# Need help keeping nice lady in a bathtub from crashing into the dining room below...



## music9704 (Nov 4, 2009)

The only other way I know other, than sister joist, is if you could beam under the joist and drop the ceiling. The problem with that is it's lot of work plus I like high ceilings. Also you may not be able to get positive bearing to floor. Trades will kill you if you don't have good ones.


----------



## Cjeff (Dec 14, 2009)

Not sure if it would work for you. You can run a strap/cable from the top at one end under the bottom and up to the top at the other end.
I'm thinking that would only work if the notches were near the middle of the span.


Seen a guy do it once with a garage addition. That way no posts were needed. He ran a cable on each side from the top, to a steel rod under the middle and then back to the top on the other end. Put turn buckles on both ends.


----------



## SAH (May 6, 2010)

Cjeff, the strap or cable would stretch to the point that the joist would just collapse. Really the only solution is to sister the joist with another one the same depth. We've gotten away with ripping 3/4 ply glued and screwed in some load conditions but being that there is a tub and most likely tiles, the weight is considerably more, so I would sister the entire length.

I still say building a bulkhead is most likely the best solution as you really do not want to run down an exterior wall.


----------



## Panzer5 (Oct 21, 2008)

Thanks to suggestions from the forum (KillerToiletSpider, kevjob, et.al.), I'm going to propose a tray ceiling to the client.
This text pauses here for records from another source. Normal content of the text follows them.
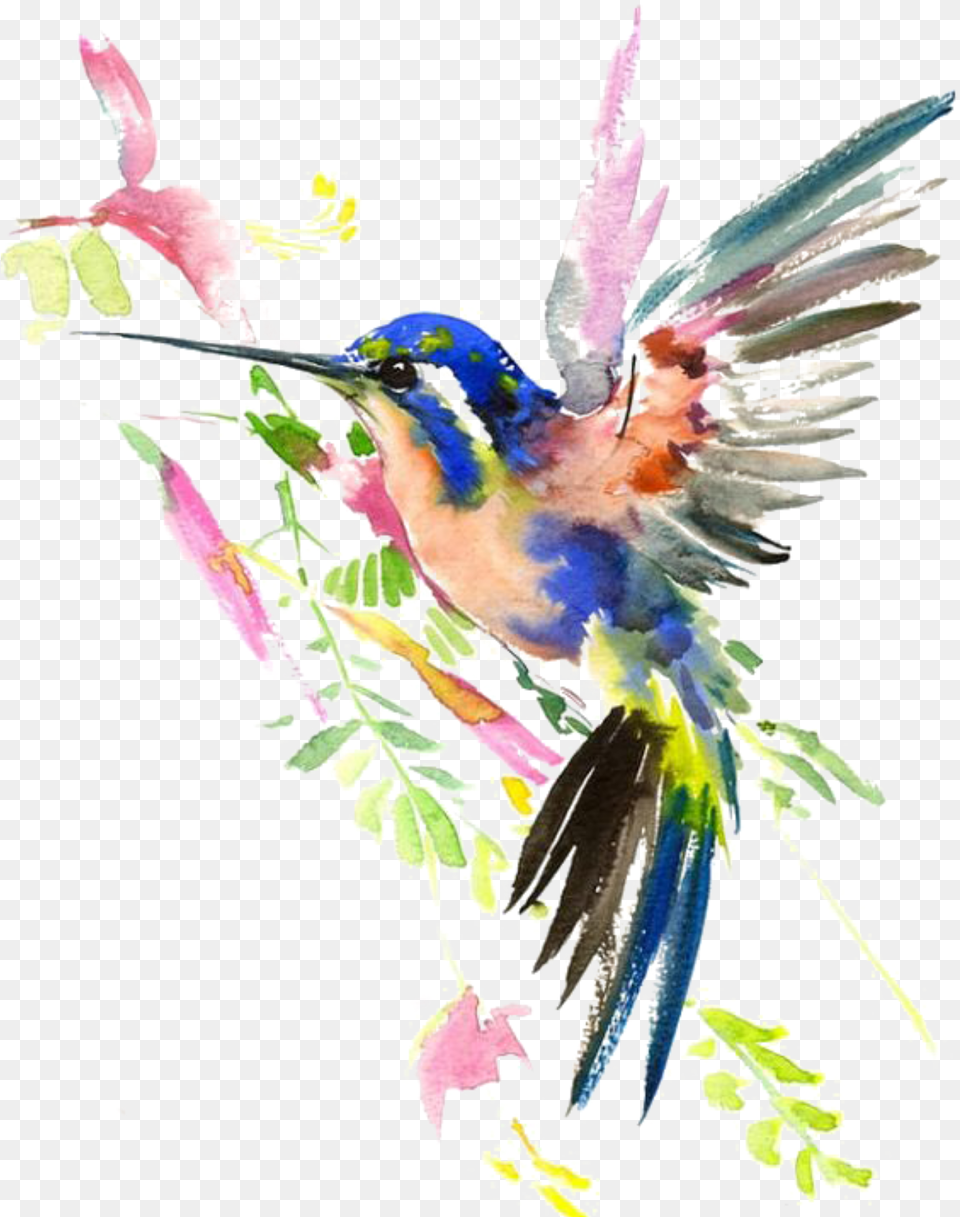 Ftestickers Watercolor Nature Hummingbird Painted Birds, Plant, Animal, Bird, Beak Free Png Download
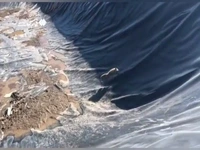 نجات روباه گرفتار از استخر ذخیره آب 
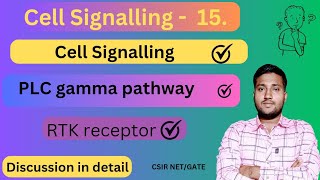 Phospholipase C Gamma Pathway  PLC gamma pathway  RTK signalling pathway  Cell signalling [upl. by Nylrem297]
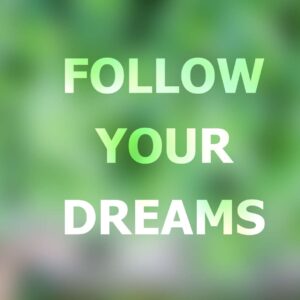 Growing Your Skillshare Following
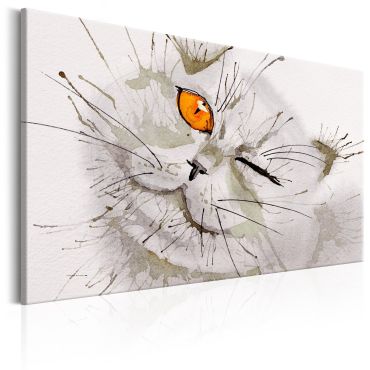 Canvas Print - Grey Cat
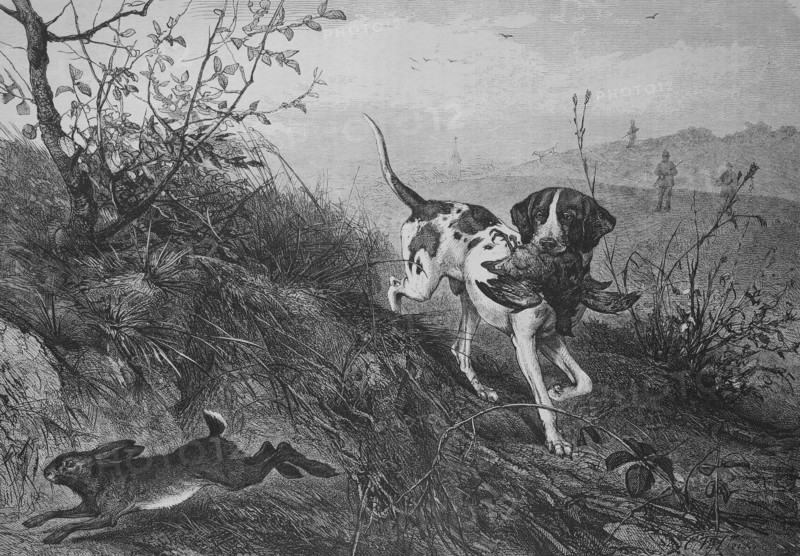 a hound carries a pheasant while a hare runs away  /  Ein Hund trägt einen Fasan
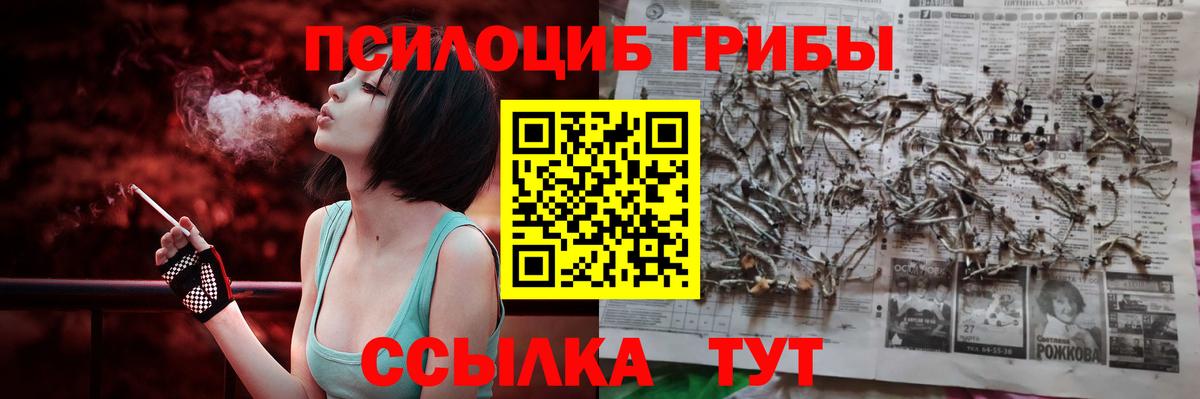 Псилоцибиновые грибы мухоморы Железноводск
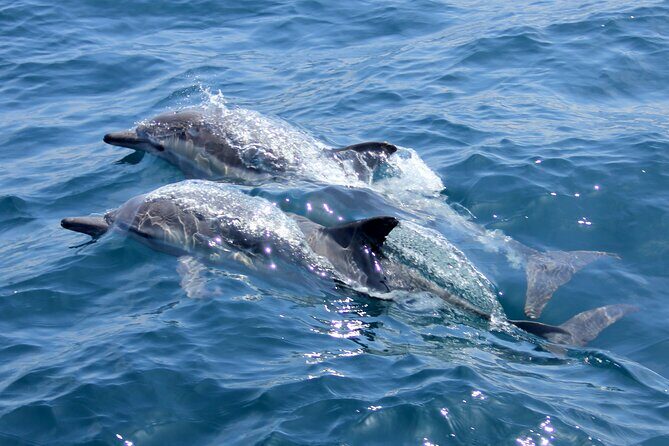 Private Wild Dolphin Encounter Day Trip - Pricing and Value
That would allow me to repair the damaged joists by sistering them (glued & screwed), then drop the plumbing below the level of the floor joists & hide behind the lowered portion of the ceiling. 

By doing a tray ceiling I think we add visual appeal that allows me to meet code and looks like a deliberate design feature; and one that doesn't detract from the benefit of having a high-ceilinged dining room.

My initial idea of dropping the drain down an outside wall & insulating the heck out of the cavity won't work anyway. The drain centers between joists which terminate at the wall above a large window. 

Gonna see if I can turn this pile of manure into a rose garden. Just hope the client is willing to pay for the additional improvements. (I'm not charging her anything for my time to repair the mess.)


----------



## SAH (May 6, 2010)

Tray ceiling is an excellent idea, hides it but gives the room more appeal.


----------



## Cjeff (Dec 14, 2009)

Lemonade from lemons


----------



## MarcD (Sep 18, 2009)

Wow that is ugly looking, Why not go right down the wall ?? 

Is that plywood over the concrete floor also ?

I would redo the plumbing down wall to the right of the trap, tear out the rest of that portion of dining room ceiling and sister the whole span of joists. also add some more studs in the dining room wall to help with the sisters.

That plumber just created a future problem for her.


----------